The prompts range from photographs to one-liners and cater to all genres and POVs. First and third person prompts include gems like: “No matter how hard I tried, my feet couldn’t find purchase. Panic set in and my palms began to sweat …” and “When they tore down the wall, they discovered …”.

The booklet is organized so that you could just jump right into any section or simply start from page one. Journaling pages to explore your thoughts are sprinkled between the various prompts-all categorized-making it super easy to bounce around as your creative whims carry you.

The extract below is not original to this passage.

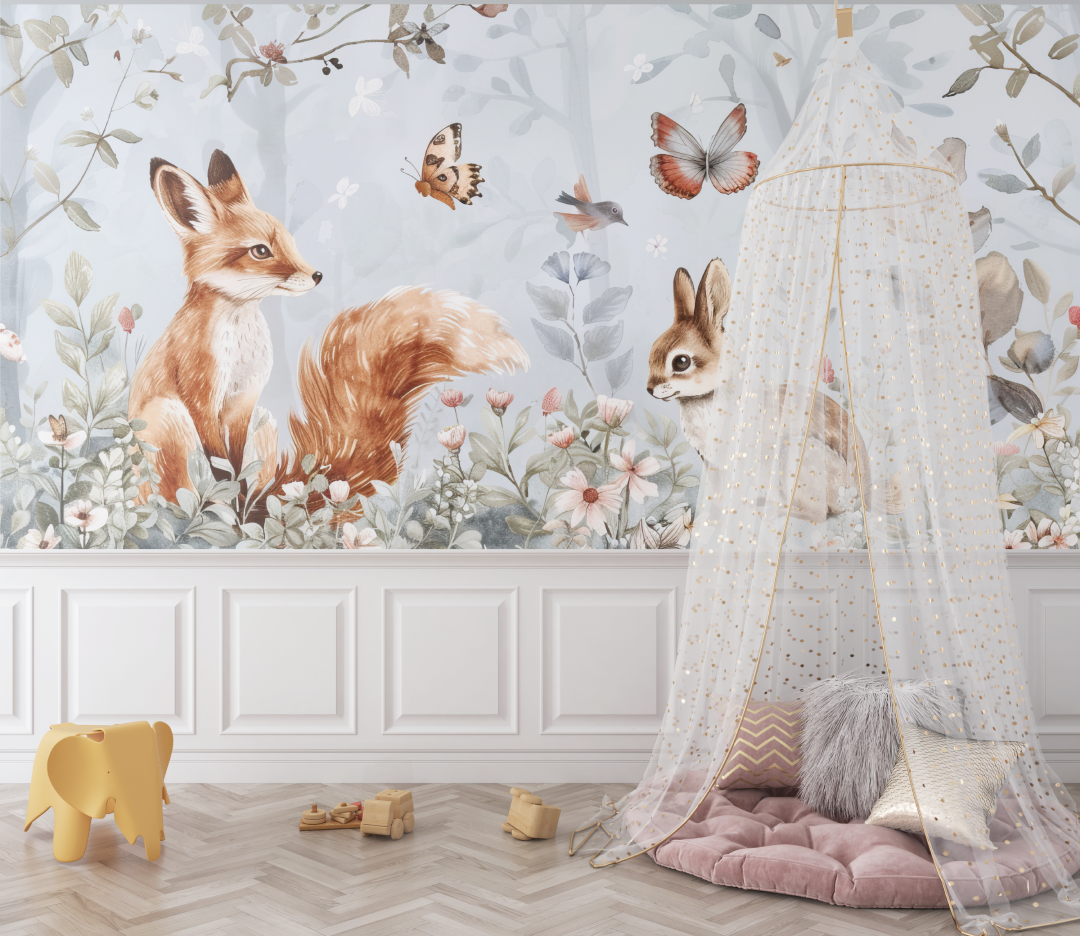 Papier peint panoramique renard fleurs bebe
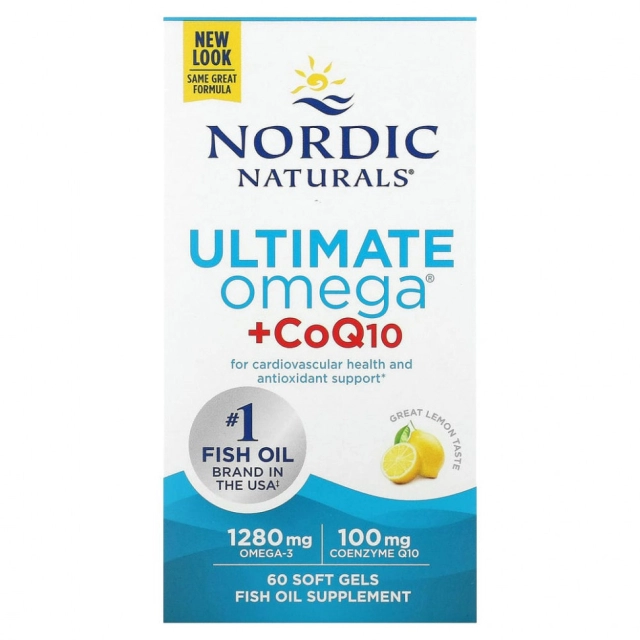 Nordic Naturals Ultimate Omega + CoQ10 Omega-3 va Koenzim Q10, 640 mg, 60 kapsula (01890)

There’s even a section that lets you do writing sprints with predetermined dialogue prompts. Robin Woods also includes lists of phrases that are easy to add into a paragraph to make your writing pop, like this alliterative one: “slick surface”.

Prompt Me isn’t just loaded with different types of prompts, it also includes several fill-in-the-blank charts for defining your characters far beyond hair and eye color. Some of the exercises have multiple choices that cater to just about any type of creative writing from Sci-Fi to Romance. And there’s also a list of writing prompt questions that explore self-discovery, roll play, and listing, as well as Haiku poetry exercises—a goldmine of personal journaling/bell work prompts.

Basically, this booklet has it all!

If you’re not familiar with Robin Woods, take at look at her website. She’s the author of several young adult novels, including The Watchers Series. Her site boasts a great writer’s tools section (just like the reference section in the back of this workbook) which is an excellent go-to for tips.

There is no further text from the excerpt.